The exchange of military officer students and military attaches is practiced among nations enjoying normal diplomatic relations. To a limited extent, such programs permit the participants to scrutinize each other’s decision making capability. This fiscal year, the Army trained ninety student officers in foreign area programs in twenty-three countries. Although political events forced the Army to terminate overseas training in El Salvador, Nicaragua, Taiwan, and Iran, the Army established two new schools for China area studies in Singapore and Hong Kong. The Foreign Liaison Directorate of the Office of the Assistant Chief of Staff for Intelligence (OACSI) continued to provide contact between the Army and foreign military attaches. During the year, the directorate accredited 558 foreign national personnel, including attaches from the People’s Republic of China and Somalia, to conduct business directly with the Army but withdrew accreditation of the attaches from Taiwan and Iran.

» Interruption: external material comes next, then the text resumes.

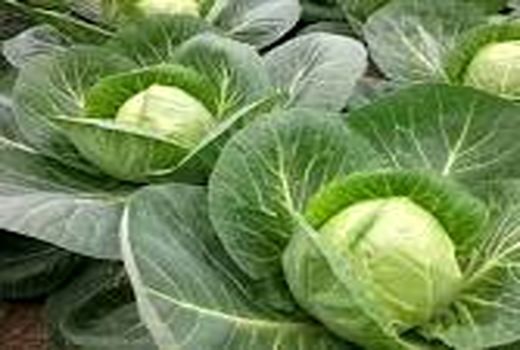 اختصاص ۱۸۸ هکتار از مزارع شهرستان البرز به کشت سبزی و صیفی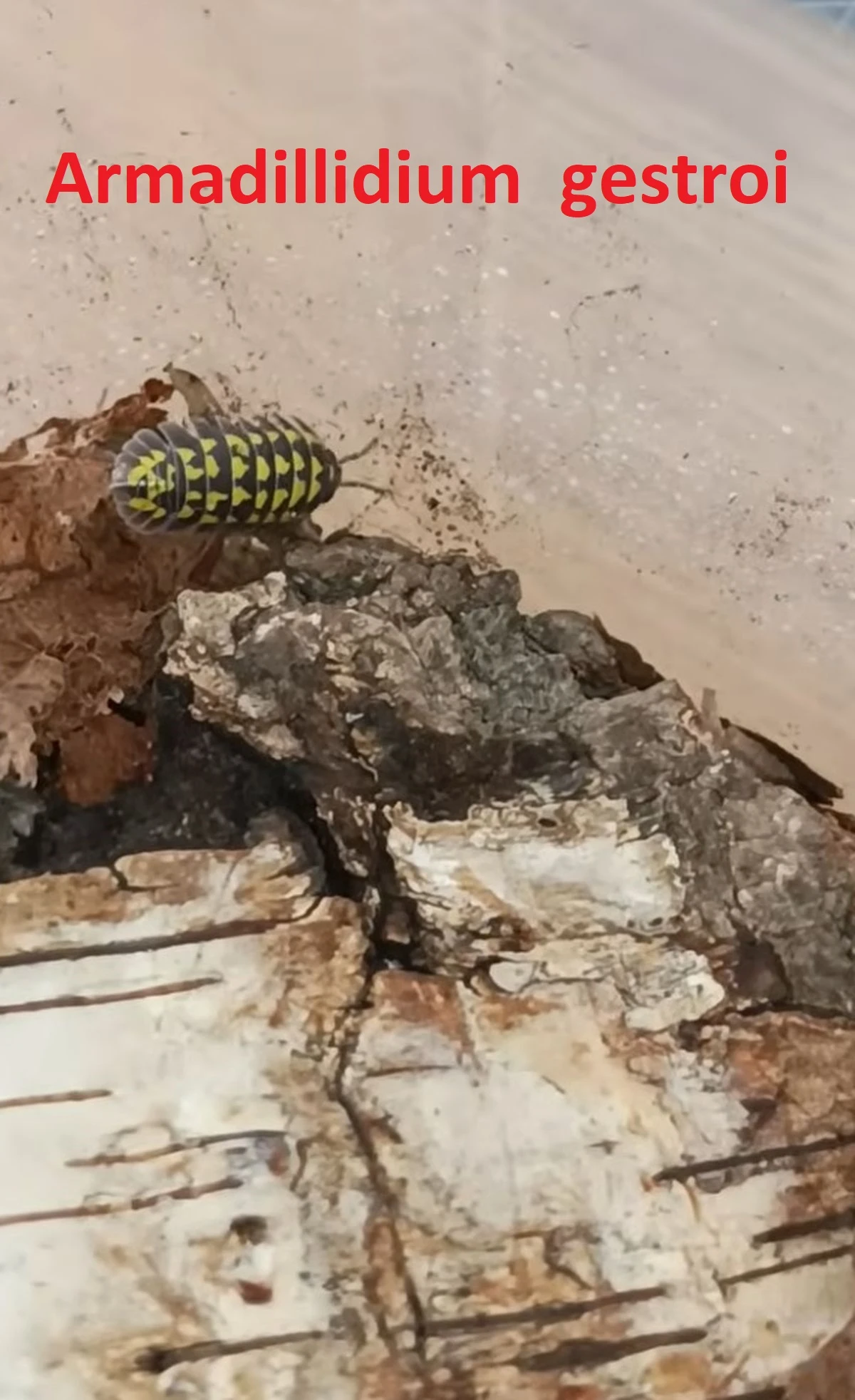Porcellio laevis "orange " a Armadillidium gestroi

Whether generated by computers, agents, analysts, students, or military attaches, the staggering amount of intelligence information produced requires the protection of an elaborate classification system. In the past, however, users often evaded their responsibility to classify such information or failed to declassify items no longer requiring protection. This resulted in far too much information being denied unnecessarily to people without a security clearance.
In order to protect vital defense information while making other information available to the public, the President issued Executive Order 12065. It replaces Executive Order 11652 and makes obsolete the Advanced Declassification Schedule, the General Declassification Schedule, and all markings related thereto. Executive Order 12065 also made changes regarding the authority, criteria, and duration for classification.
Within the Army, Executive Order 12065 permits the delegation of authority to classify TOP SECRET, SECRET, or CONFIDENTIAL only to those subordinate officials with a frequent
need to exercise such authority. The Secretary of the Army alone delegates authority to classify TOP SECRET, but the Assistant Chief of Staff for Intelligence may delegate authority concerning the classification of SECRET or CONFIDENTIAL. The executive order further stipulates that such delegation will be held to an absolute minimum and will not be given to persons who merely reproduce, extract, or summarize classified information.
The executive order provides specific guidance on the types of information requiring classification in the interest of national security: (1) military plans, weapons, or operations; (2) information provided by foreign governments pursuant to written joint agreements requiring confidentiality; (3) intelligence activities, sources, or methods; (4) foreign relations or activities of the U.S.; (5) scientific, technological, or economic matters relating to national security; and (6) U.S. government programs for safeguarding nuclear materials or facilities.
Perhaps the most significant provision of the executive order is the duration of classification. At the time of classification for SECRET or CONFIDENTIAL, a date is designated, being no more than six years later for automatic declassification. TOP SECRET material may be classified for more than six years, but no more than twenty, and information provided by foreign governments may be protected for up to thirty years.
The Army significantly improved its support of field commanders during the current fiscal year by redistributing tactical intelligence specialists and computer systems to the lowest echelons and by augmenting successful tactical intelligence training programs. At the same time, the Army implemented a policy of maximum disclosure with regard to programs and information no longer requiring protection. Continued emphasis will be placed on improved tactical intelligence support and security measures.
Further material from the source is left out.